Revendication : inconnue
Suites : Afin de dissimuler la déprédation, la statue a été recouverte d’un plastique transparent à l’effet pour le moins macabre. Le 8 mars 2024, la même statue a à nouveau subi un outrage du même genre, cette fois explicitement revendiqué par l’Action Française.

Monsieur Hulot

Œuvre : Monsieur Hulot, statue d’Emmanuel Debarre
Date : Environ une dizaine de fois depuis 1997, mais le nombre est disputé, certaines personnes affirment que c’est arrivé vingt fois.

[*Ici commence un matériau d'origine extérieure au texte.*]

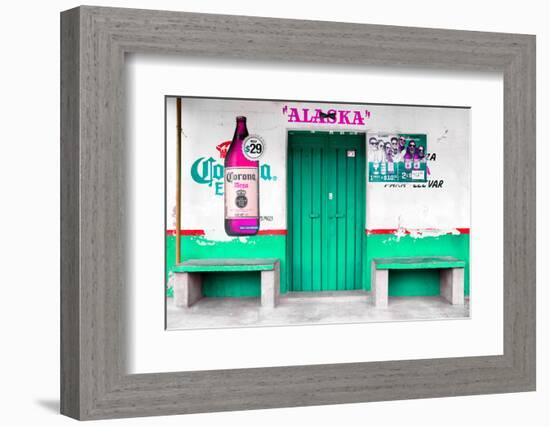 ¡Viva Mexico! Collection - "ALASKA" Coral Green Bar-Philippe Hugonnard-Framed Photographic Print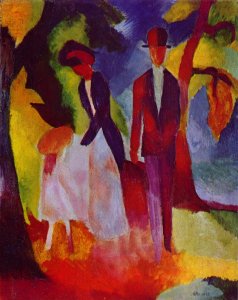 People by a Blue Lake (Leute am Blauen See)  1913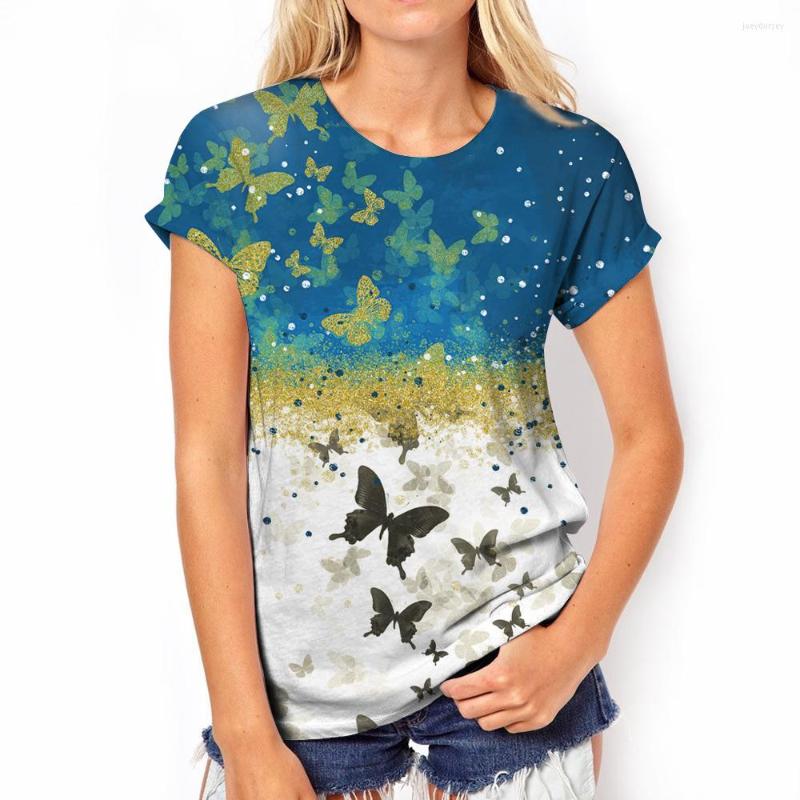 Women's T Shirts Summer 3d Women's O-neck T-shirts Butterfly Printed Short Sleeve Tops Fashion Harajuku Casual Oversized Female Luxury, A01-hy00523
Women's T Shirts Summer 3d Women's O-neck T-shirts Butterfly Printed Short Sleeve Tops Fashion Harajuku Casual Oversized Female Luxury, A01-hy00523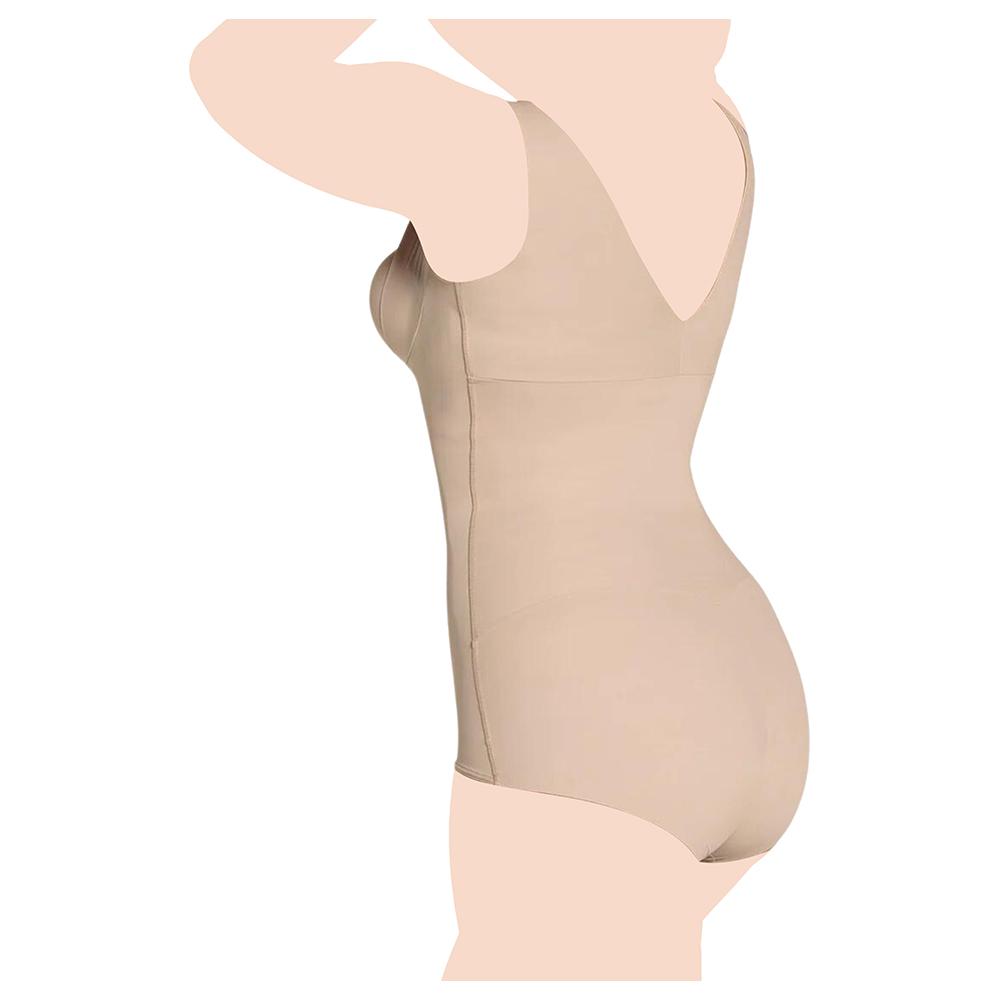 Mums & Bumps - Leonisa - Plunge Back Classic Sculpting Body Shaper - Nude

Lieu : plage de Saint-Marc-sur-Mer (dite « plage de monsieur Hulot », à Saint-Nazaire
Action : la pipe de Monsieur Hulot a été cassée et dérobée. Une fois (2004) on l’a retrouvée enfouie dans le sable.
Perpétrateurs : inconnus
Revendications : inconnues. Collection ? Lutte contre le tabagisme ?
Suites : Fernand Pornet, habitant du quartier, a déjà remplacé la pipe trois fois, avec des rivets de fixation, mais l’objet disparaît malgré tout régulièrement. Ce restaurateur bénévole est décédé en octobre 2023. Depuis, un autre habitant de la ville a proposé qu’une modélisation 3D de l’attribut soit mise à disposition du public afin que tout un chacun puisse refaire l’objet en impression 3D et réparer le monument.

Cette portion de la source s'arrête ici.